Пришлось «годить». К тому же рефератов писать было некому, точно так же некому было возиться с устройством собраний. Таким образом попытка оживить общество заглохла.
Неизмеримо большие результаты дали попытки посеять крамолу среди учащейся молодежи. Об этом подробно сказано в докладе центрального комитета Южно-русской группы учащихся средних школ. Но и здесь отсутствие литературы и отсутствие теоретических подготовленных лиц для руководительства занятиями молодежи страшно тормозили плодотворную работу.

Отсутствие литературы, прокламаций и пропагандистов посеяли «в народе» недовольство комитетом, недовольство, признаваемое самими членами комитета вполне естественным и законным. Нам ничего не оставалось больше, как признать свое банкротство и бросить работу. Но и у тех, кто пришел к такому заключению, не хватило решимости бросить на произвол судьбы организацию, которая уже поглотила столько сил. И мы остались работать, развивая все большую и большую энергию, усиливая теми работы и ожидая ареста, как избавления от непосильной маяты.

Работа 1902 г. началась при более благоприятных условиях.
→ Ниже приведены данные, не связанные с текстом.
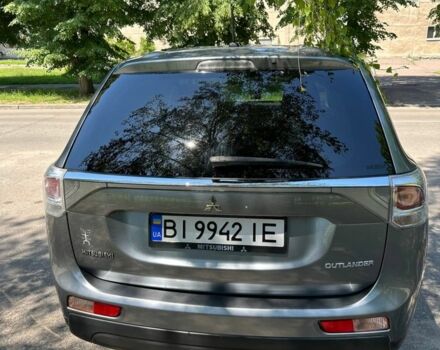 Сірий Міцубісі Аутлендер, об'ємом двигуна 2.4 л та пробігом 200 тис. км за 271 $, фото 1 на Automoto.ua
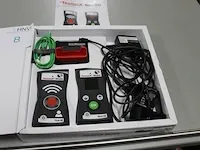 Hulp-oproepsysteem assistx mobil. bestaande uit zender en ontvanger met bijbehorende opladers - afbeelding 1 van  2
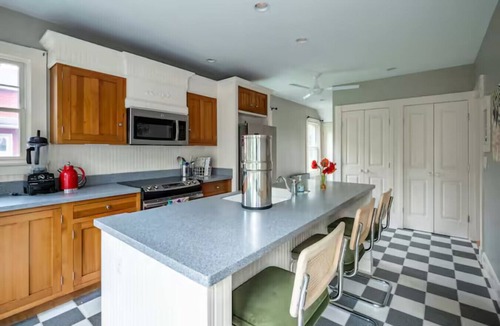 South Portland House | Sunny House, By The Beach, Minutes From Portland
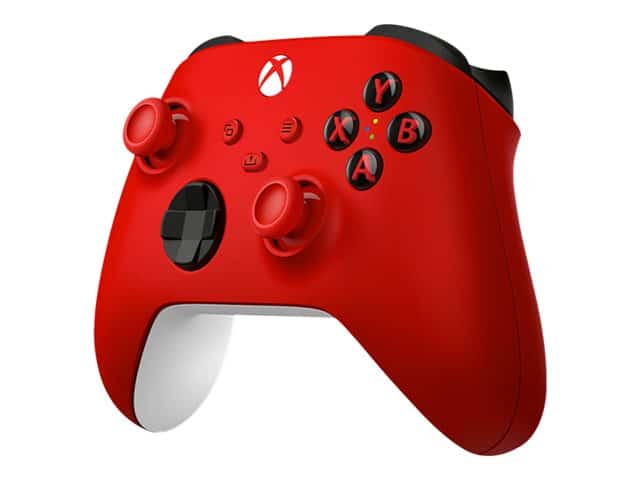 Control Xbox inalámbrico Microsoft rojo en vista lateral que muestra el agarre ergonómico y la empuñadura blanca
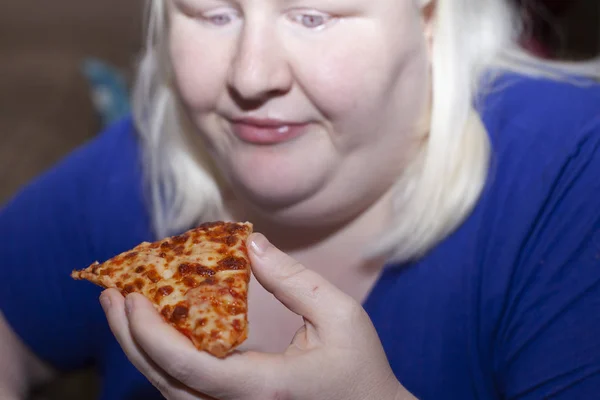 Vrouw die pizza eet — Stockfoto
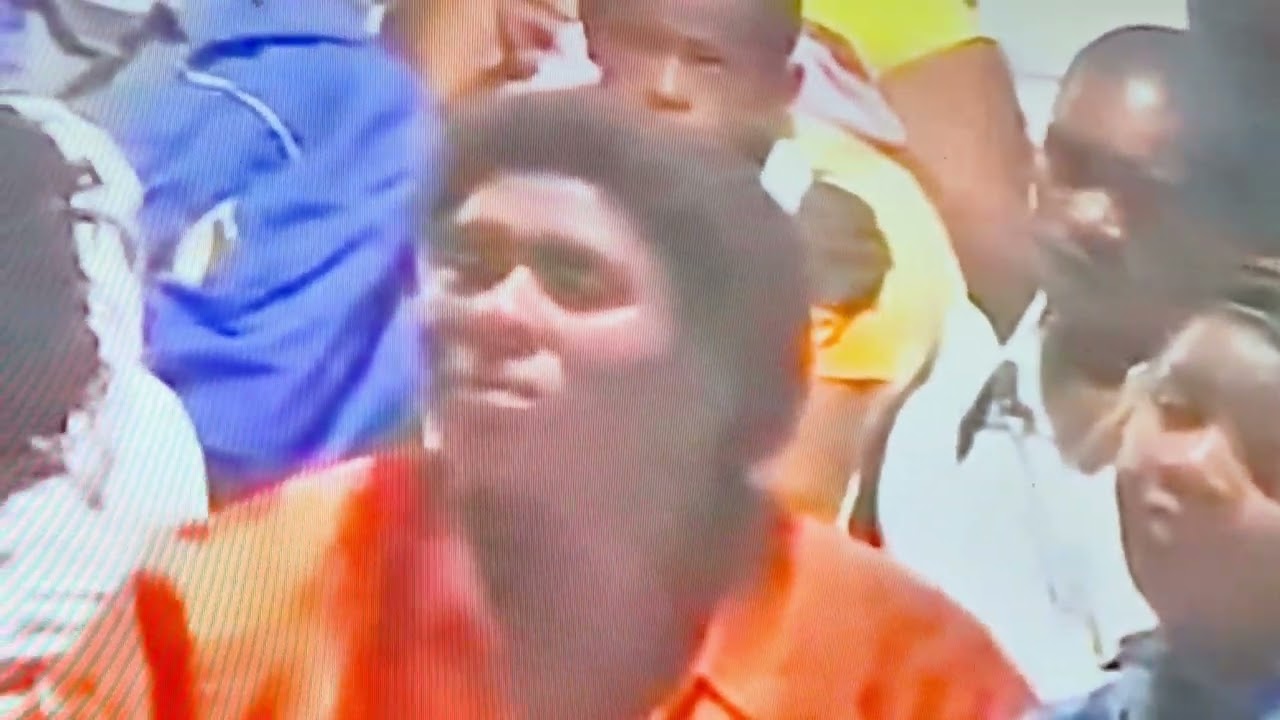 Dr SD Gumbi, kuyashiywa izinto mawuzolandela uJesu 😭😭🙏🙌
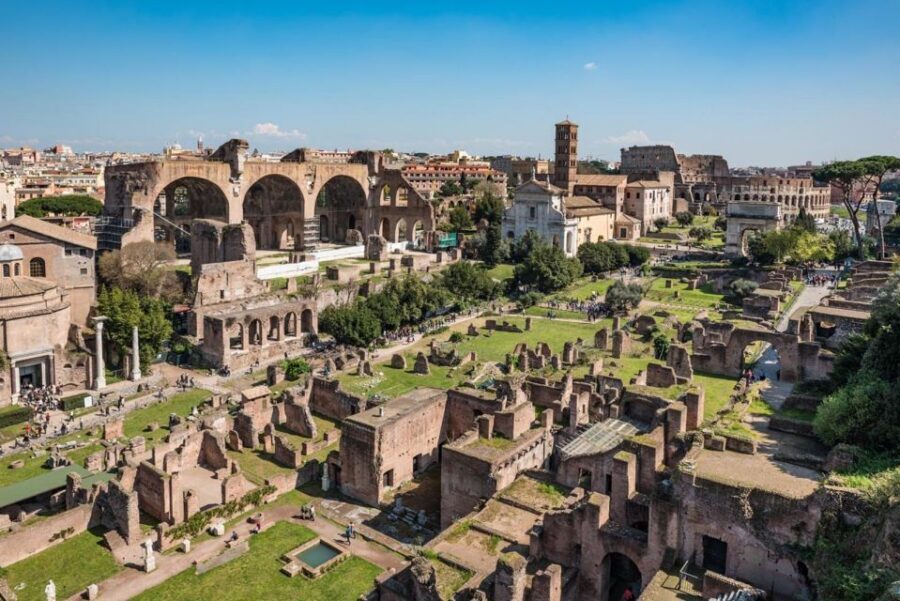 Rome: Ultimate Colosseum, Roman Forum & Palatine Hill Tour - Small Group Energy: Hearing the Guide and Staying Focused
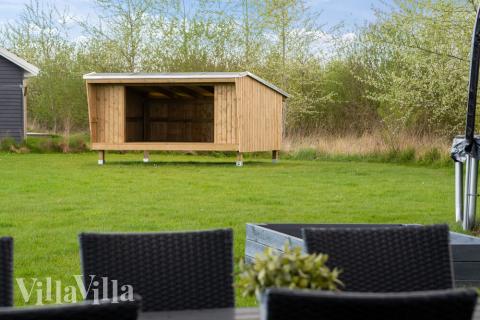 Till den trevliga sommarstugan nr 285 i Lolland/Falster/Møn erbjuds en mängd utomhusaktiviteter, t.ex. lektorn och gungor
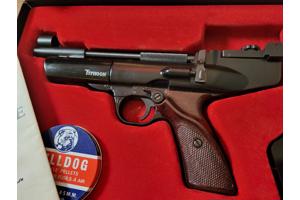 Webley Typhoon 5.5 MM in verzamel box zeer compleet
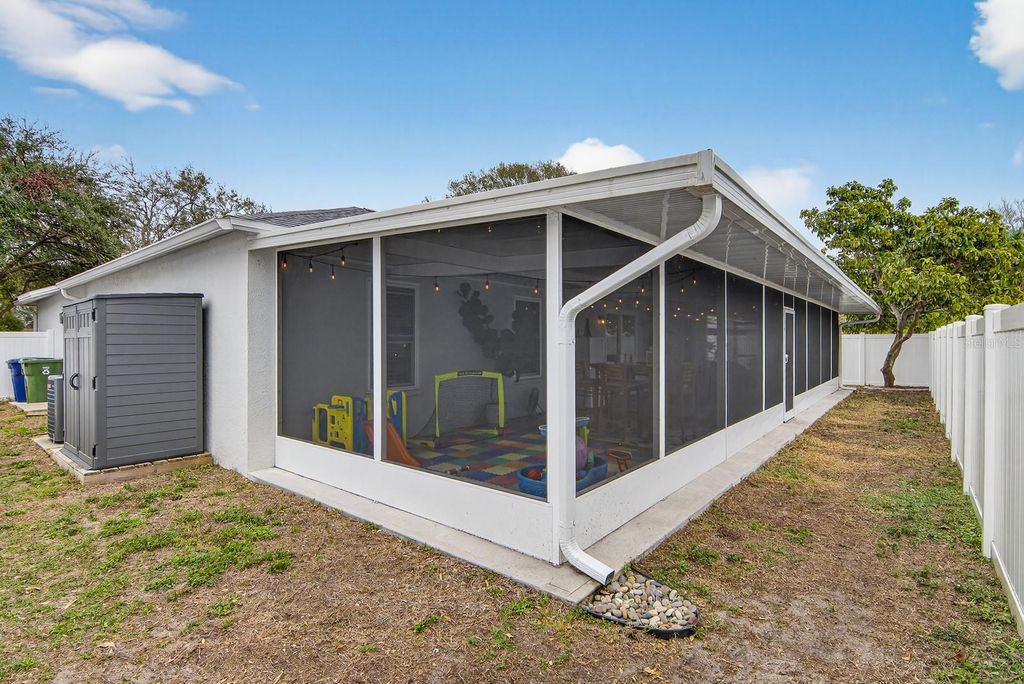 Image 40 of property listing at 4110 W MANGO AVENUE, Tampa, FL 33616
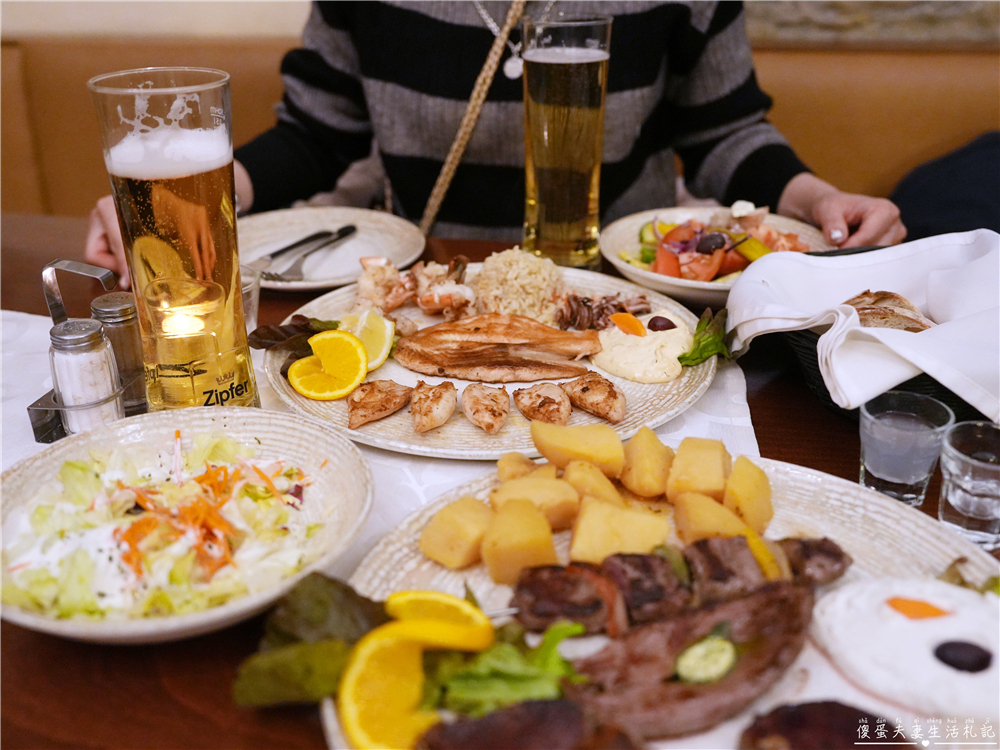 【奧地利薩爾茲堡美食】『Restaurant IRODION』烤肉、海鮮一次滿足!超人氣希臘料理餐廳~~ @傻蛋夫妻生活札記 【奧地利薩爾茲堡美食】『Restaurant IRODION』烤肉、海鮮一次滿足!超人氣希臘料理餐廳~~ @傻蛋夫妻生活札記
Самым благоприятным в ней было то, что практика предшествующего года не пропала для руководителей даром. Они значительно преобразились, уяснили себе ход движения, составили ясный и определенный план действий. Теперь уже инициатива исходила сверху, на котором царило бодрое настроение. Несмотря на слабость сил, на то, что только наладившаяся организация не успела еще окрепнуть,—комитет решил устроить 19 февраля демонстрацию. План ее несложен. Накануне 19 февраля предполагалось устроить рабочую сходку, человек в 250—300, на участие которых в демонстрации можно было рассчитывать, подогреть их речами и взять с них обещание прийти на следующий день демонстрировать и привести с собой побольше народу. Полицию рассчитывали застать врасплох, неподготовленной. Но произошло несколько иначе. Сходки устроить «по стихийным причинам» не удалось. Между тем весть о демонстрации уже проникла в среду рабочих и отменить ее было неудобно. Пришлось всю «подготовку» демонстрации произвести в два часа. Многим организованным сообщали, чтобы они немедленно шли на улицу. Конечно, при такой подготовке должна была произойти невероятная путаница. Рабочие, вышедшие демонстрировать, собрались в трех различных пунктах, и одна группа не знала о существовании остальных. Полиция же была предупреждена о демонстрации, так как в одном из кружков в то время был провокатор. Тем не менее демонстрация удалась. Группа рабочих человек в150 приблизительно полчаса продержалась на улице, продела несколько революционных песен, прокричала несколько раз: «Долой самодержавие». Почти все это время над толпой развевалось красное знамя с надписями: «Долой самодержавие».

Как ни мала была эта демонстрация, но она сыграла громадное значение. Она посеяла такую бодрость и отвагу, такое воодушевление и подъем революционной энергии, каких до того не наблюдалось. Эта же демонстрация повлекла за собой аресты, поглотившие массу сил. В марте от комитета осталось всего один-два человека и один пропагандист. Вдобавок к этому времени окончательно порвались все решительно связи со всеми революционными организациями. Тем не менее революционная работа продолжалась в больших размерах, чем когда-либо. Рабочими велась усиленная агитация на заводах. Затем, начиная с февраля месяца, открывается прокламационная деятельность Донского комитета. За два месяца, март и апрель, прокламаций было выпущено больше, чем за два предшествующие года, причем все прокламации были исключительно политического характера.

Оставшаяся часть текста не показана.